EXERCISE: A verbatim copy is needed of the lines below from the one containing "Biography Career His" up to and including the one containing "Greyhound Dog Portrait Illustration", excluding pictures.

─── PROVIDED DATA

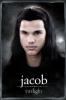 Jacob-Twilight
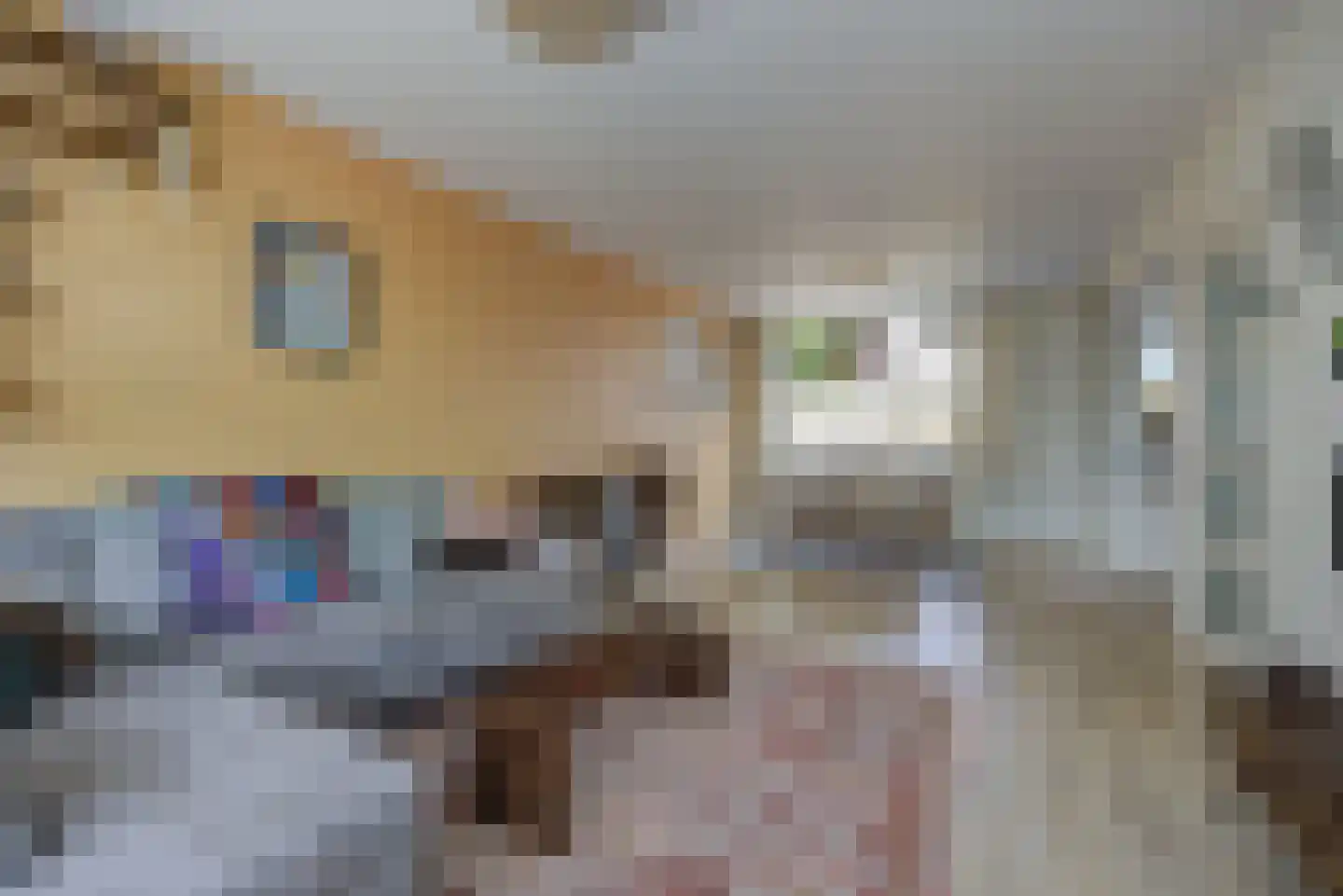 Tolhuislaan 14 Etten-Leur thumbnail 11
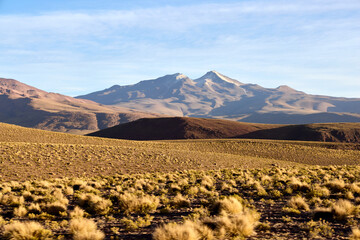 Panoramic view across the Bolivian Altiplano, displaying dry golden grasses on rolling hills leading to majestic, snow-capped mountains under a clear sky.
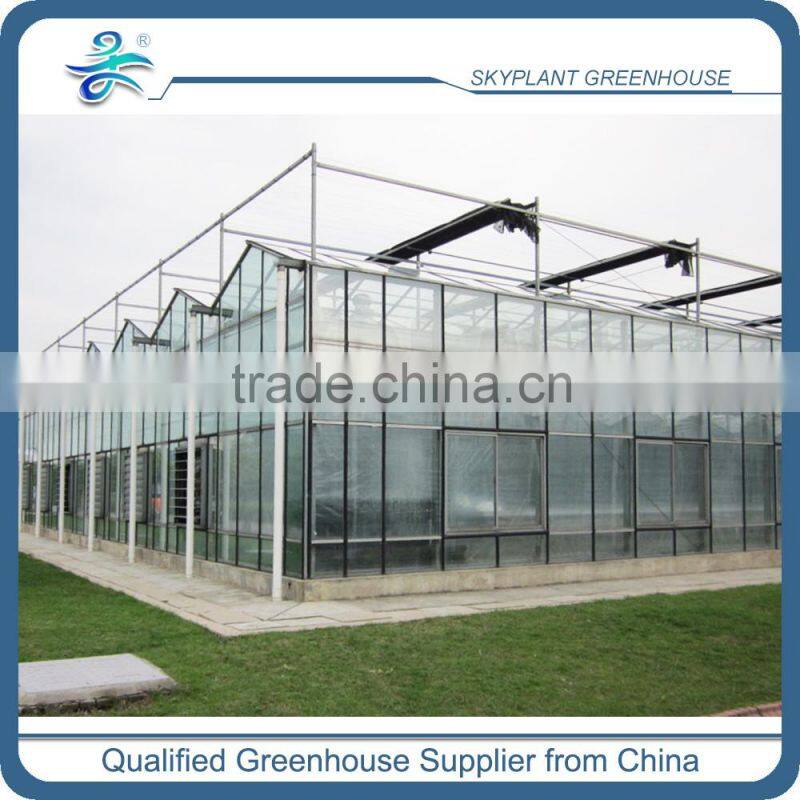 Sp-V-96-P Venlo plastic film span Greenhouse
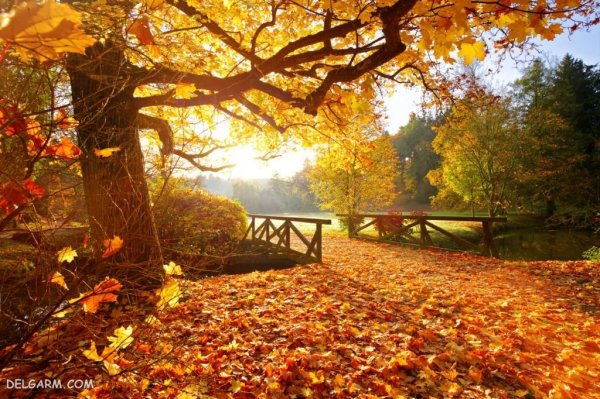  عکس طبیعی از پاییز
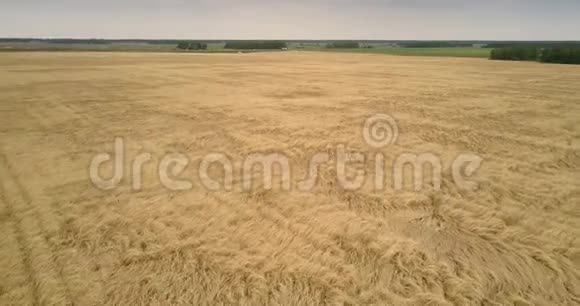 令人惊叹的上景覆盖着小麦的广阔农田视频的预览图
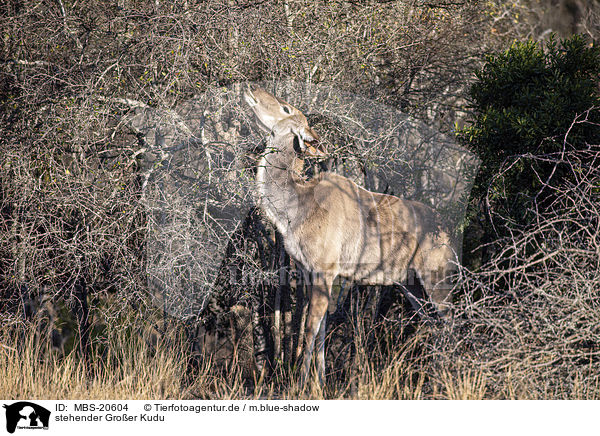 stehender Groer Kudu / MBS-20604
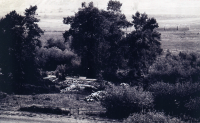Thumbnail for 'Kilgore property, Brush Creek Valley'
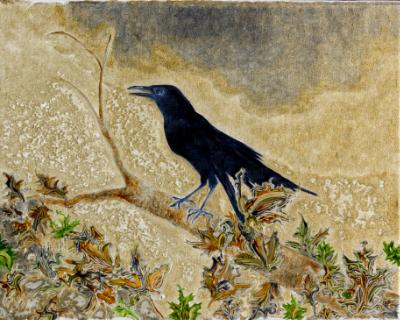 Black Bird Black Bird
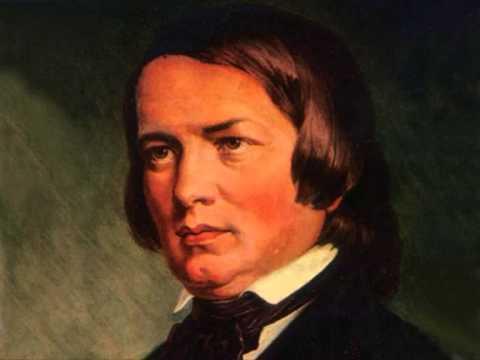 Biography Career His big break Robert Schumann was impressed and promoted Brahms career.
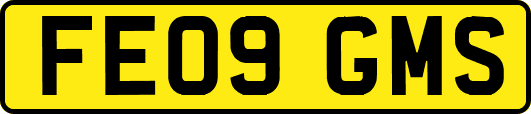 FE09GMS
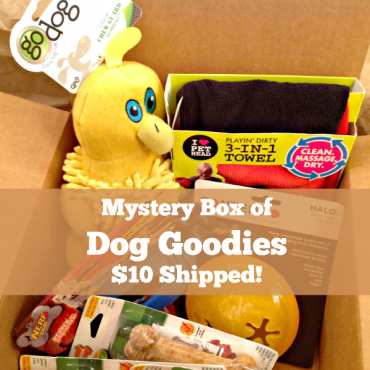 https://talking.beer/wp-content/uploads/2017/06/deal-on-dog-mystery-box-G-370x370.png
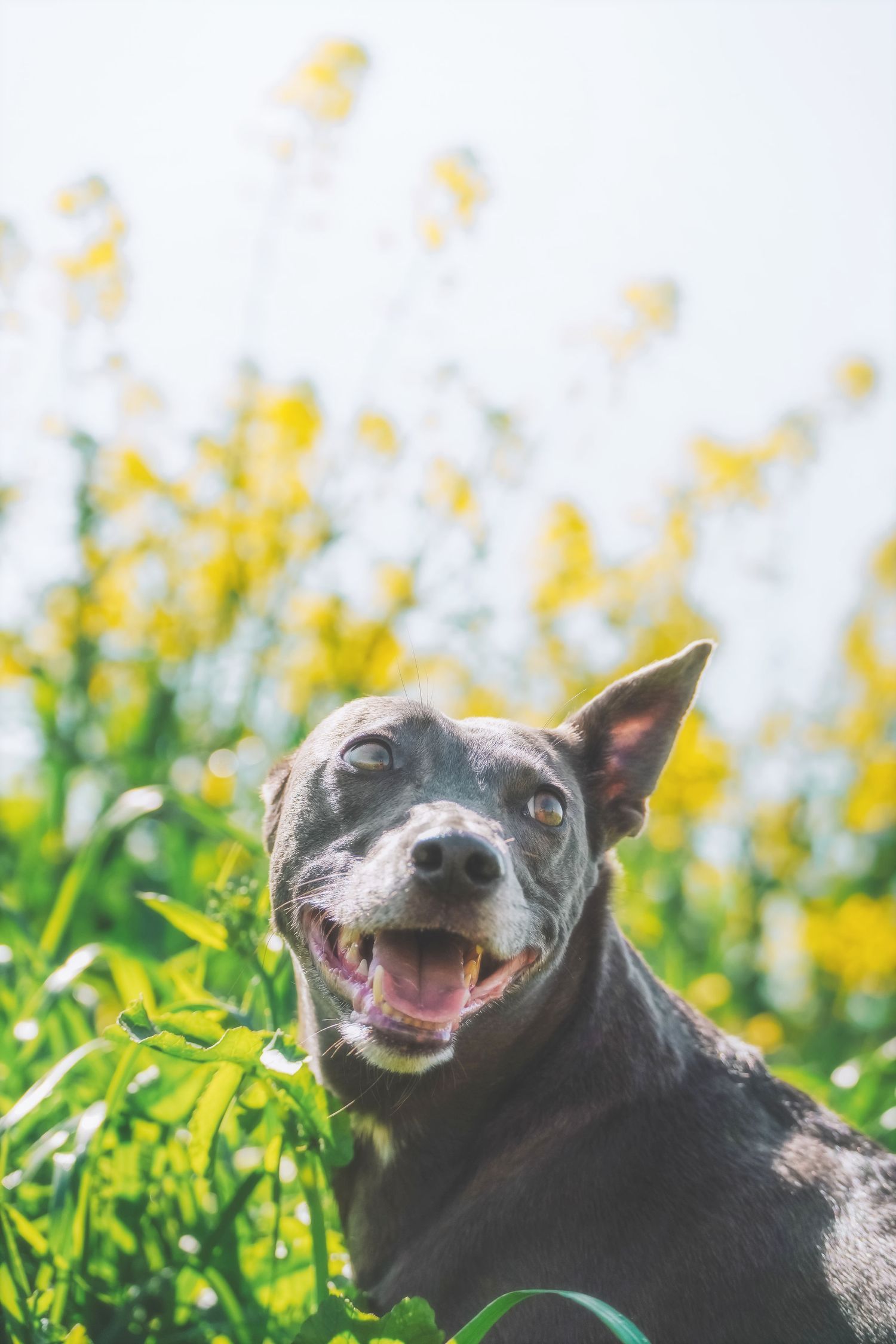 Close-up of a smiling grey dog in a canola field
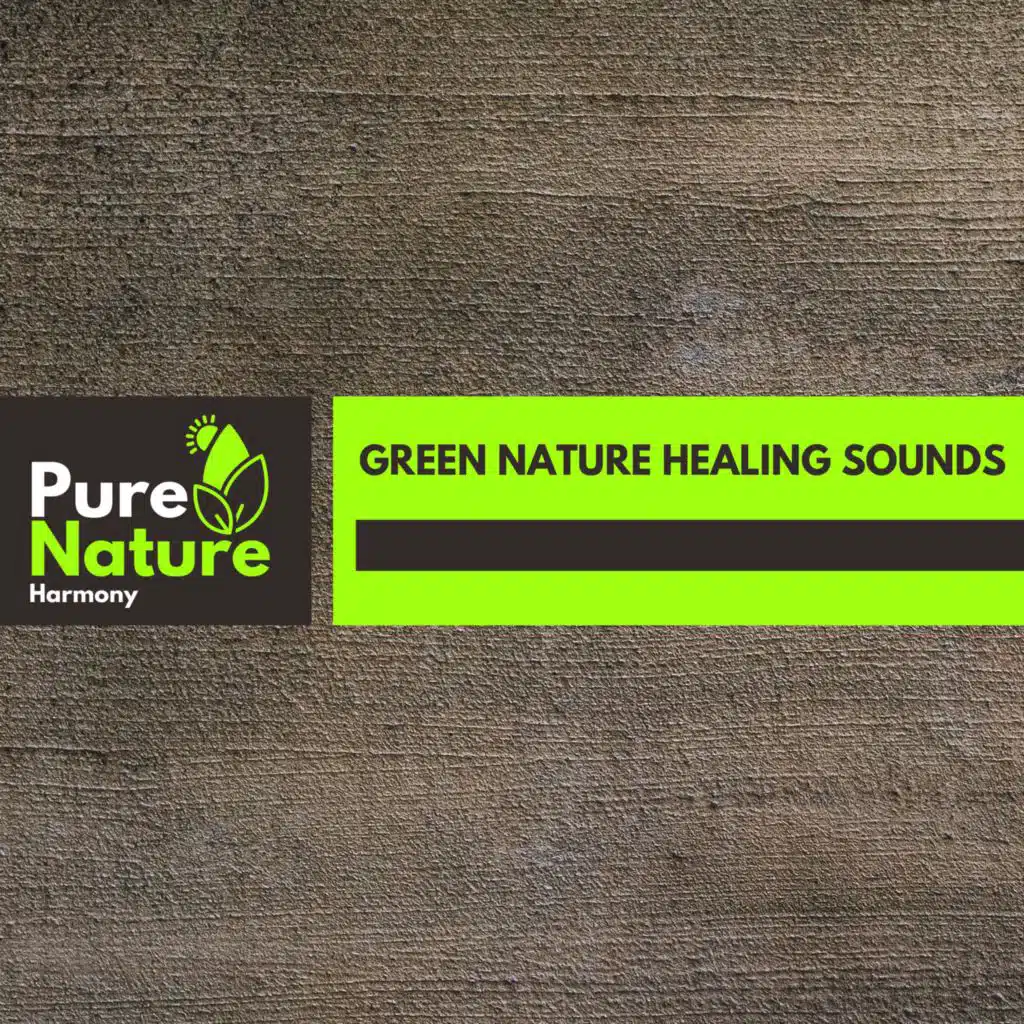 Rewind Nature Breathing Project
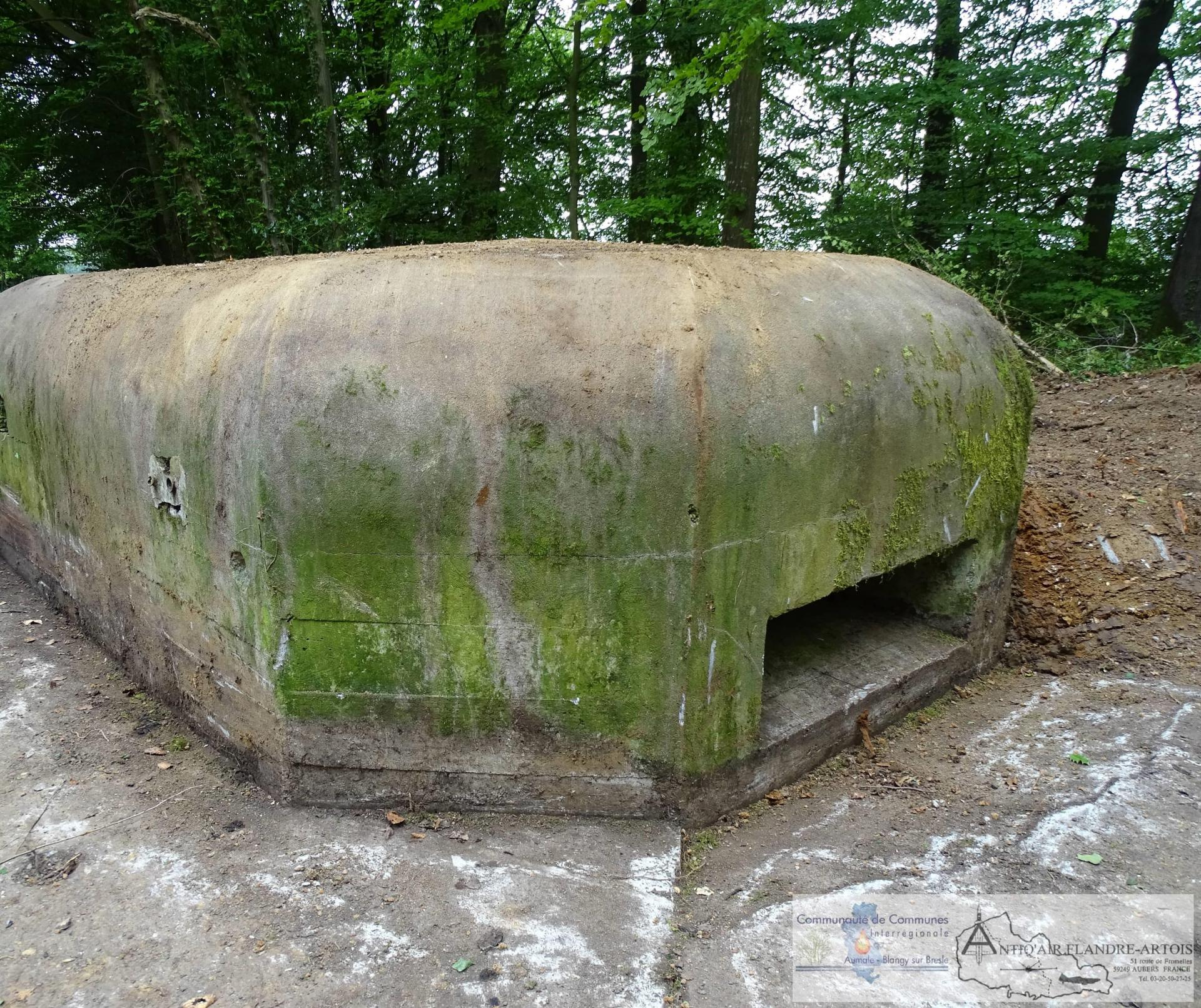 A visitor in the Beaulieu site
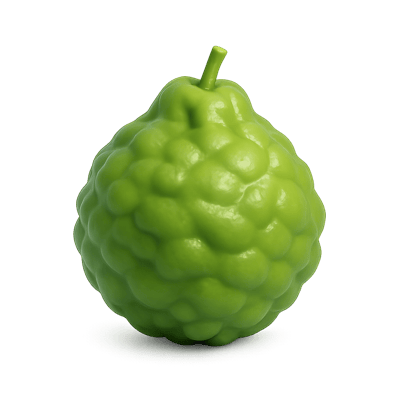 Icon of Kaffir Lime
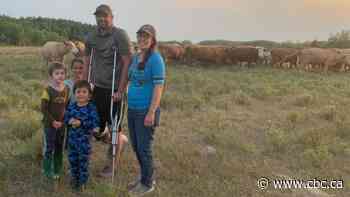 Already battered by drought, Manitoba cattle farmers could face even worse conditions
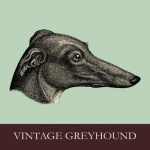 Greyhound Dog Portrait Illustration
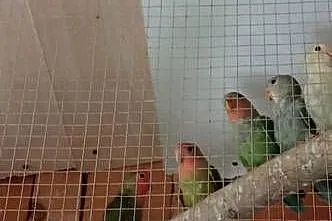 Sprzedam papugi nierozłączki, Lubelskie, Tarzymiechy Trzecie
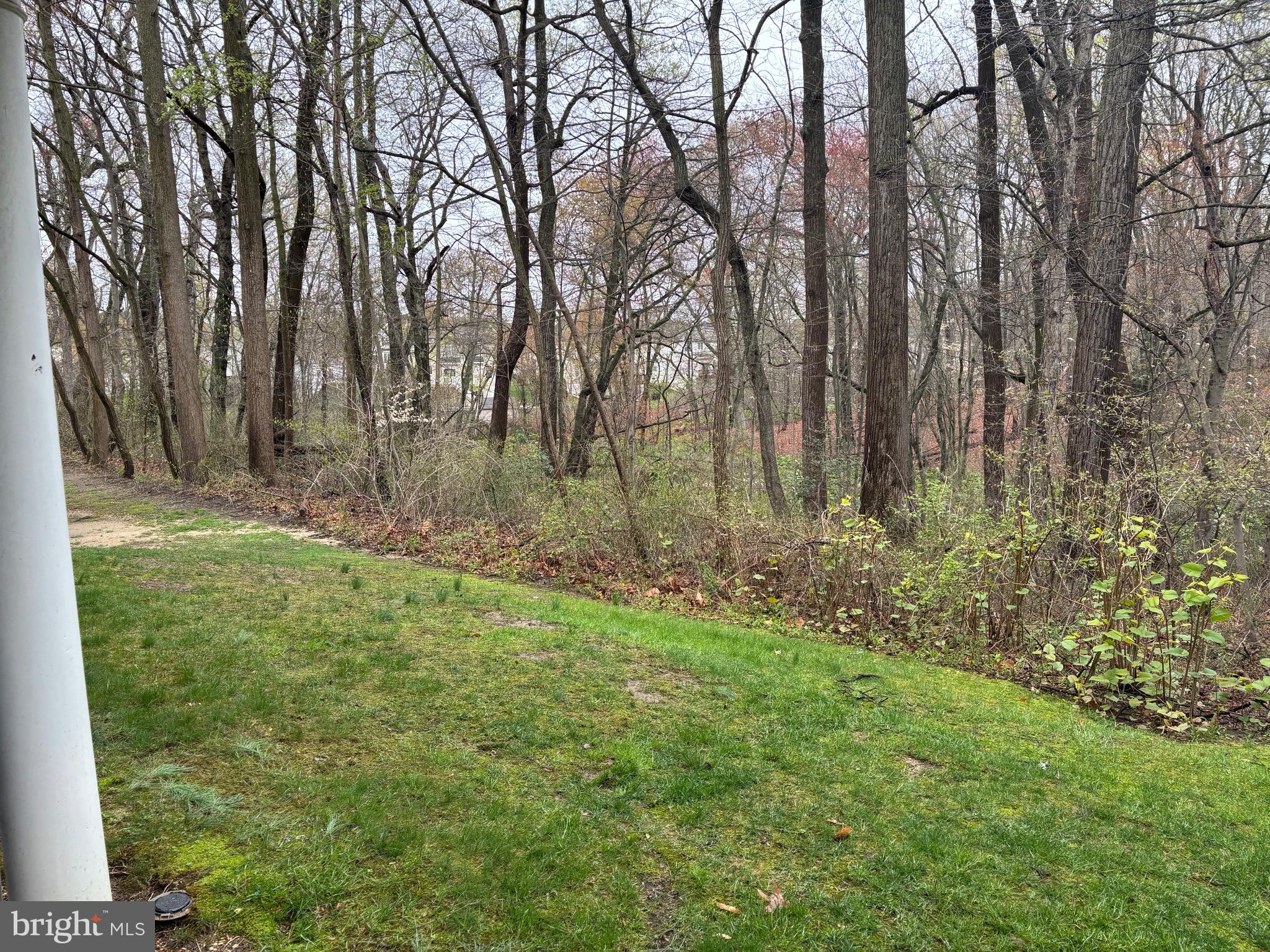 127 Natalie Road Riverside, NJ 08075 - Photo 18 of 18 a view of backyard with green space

──────

EXERCISE ANSWER:
 Biography Career His big break Robert Schumann was impressed and promoted Brahms career.
 FE09GMS
 https://talking.beer/wp-content/uploads/2017/06/deal-on-dog-mystery-box-G-370x370.png
 Close-up of a smiling grey dog in a canola field
 Rewind Nature Breathing Project
 A visitor in the Beaulieu site
 Icon of Kaffir Lime
 Already battered by drought, Manitoba cattle farmers could face even worse conditions
 Greyhound Dog Portrait Illustration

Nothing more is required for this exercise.